DATA TO USE section start

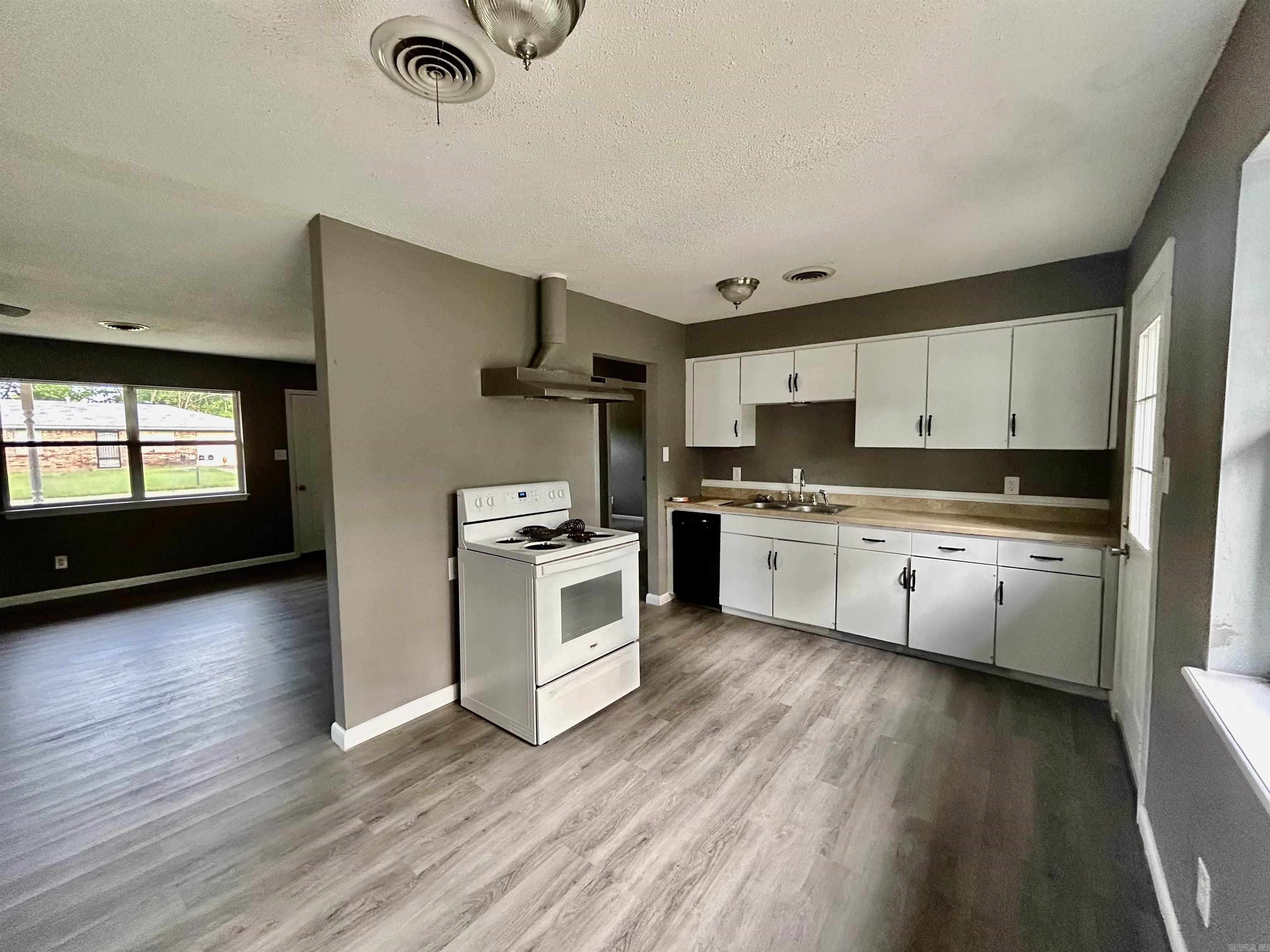 802 S Houston  Russellville, AR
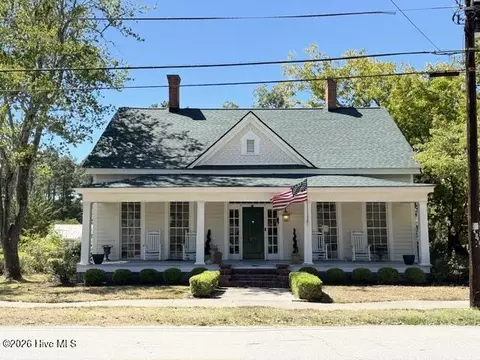 209 Lee St, Thomson, GA 30824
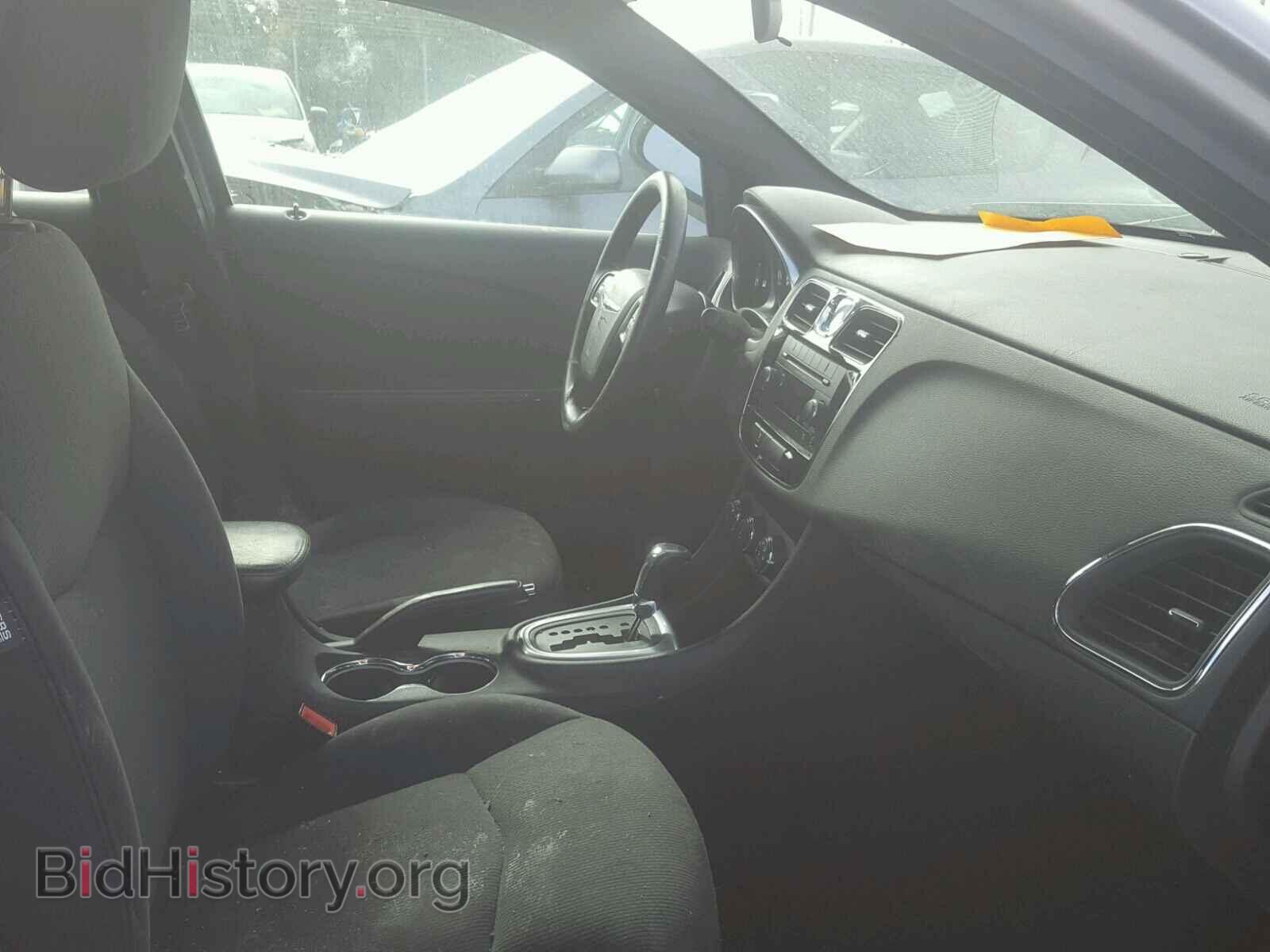 2013 CHRYSLER 200 - VIN: 1C3CCBAB8DN668304 - Фото 5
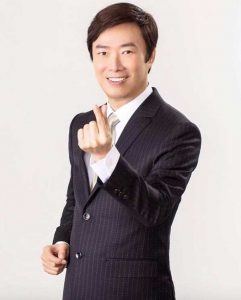 费玉清去年告别舞台，如今却在欧美突然爆红。（图/新浪）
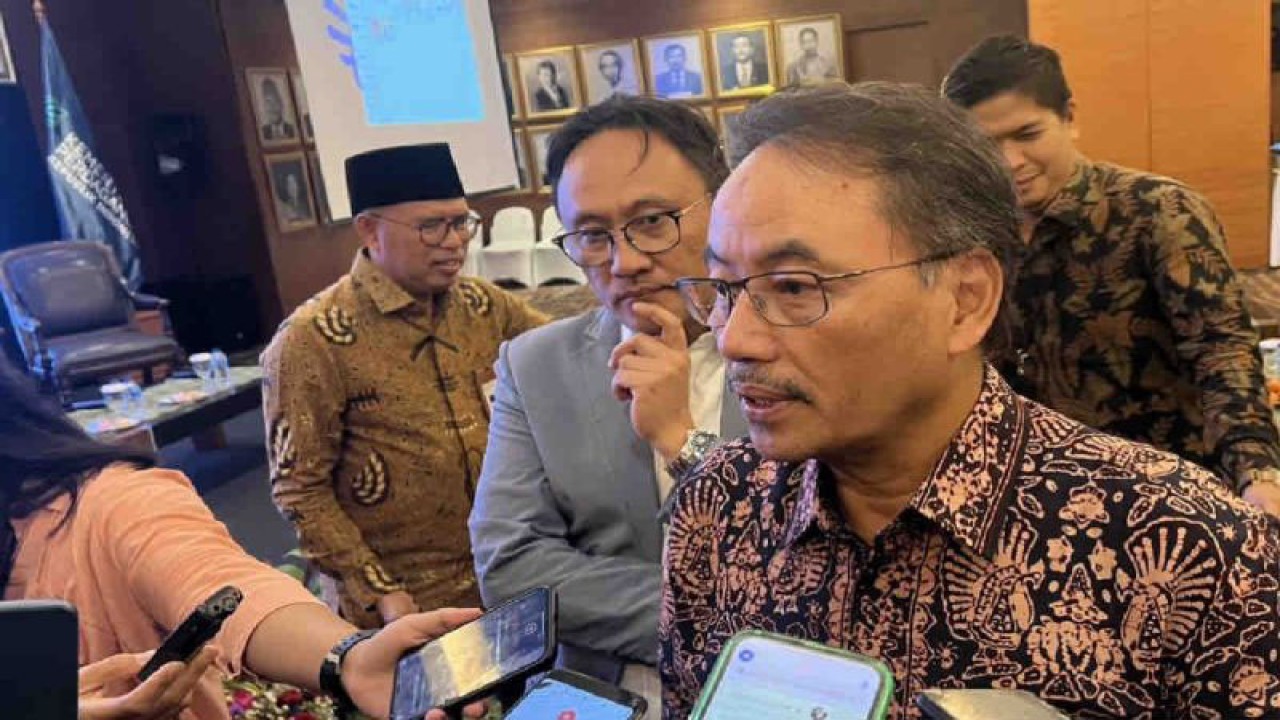 Direktur Jenderal Pengembangan Ekspor Nasional Kementerian Perdagangan Didi Sumedi (tengah), diwawancara di Jakarta, Selasa (19/12/2023). ANTARA/Harianto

DATA TO USE section end

> WHAT THE TASK ASKS
Will you set down the records word for word while leaving out every picture?

> RESPONSE TO THIS TASK
 802 S Houston  Russellville, AR
 209 Lee St, Thomson, GA 30824
 2013 CHRYSLER 200 - VIN: 1C3CCBAB8DN668304 - Фото 5
 费玉清去年告别舞台，如今却在欧美突然爆红。（图/新浪）
 Direktur Jenderal Pengembangan Ekspor Nasional Kementerian Perdagangan Didi Sumedi (tengah), diwawancara di Jakarta, Selasa (19/12/2023). ANTARA/Harianto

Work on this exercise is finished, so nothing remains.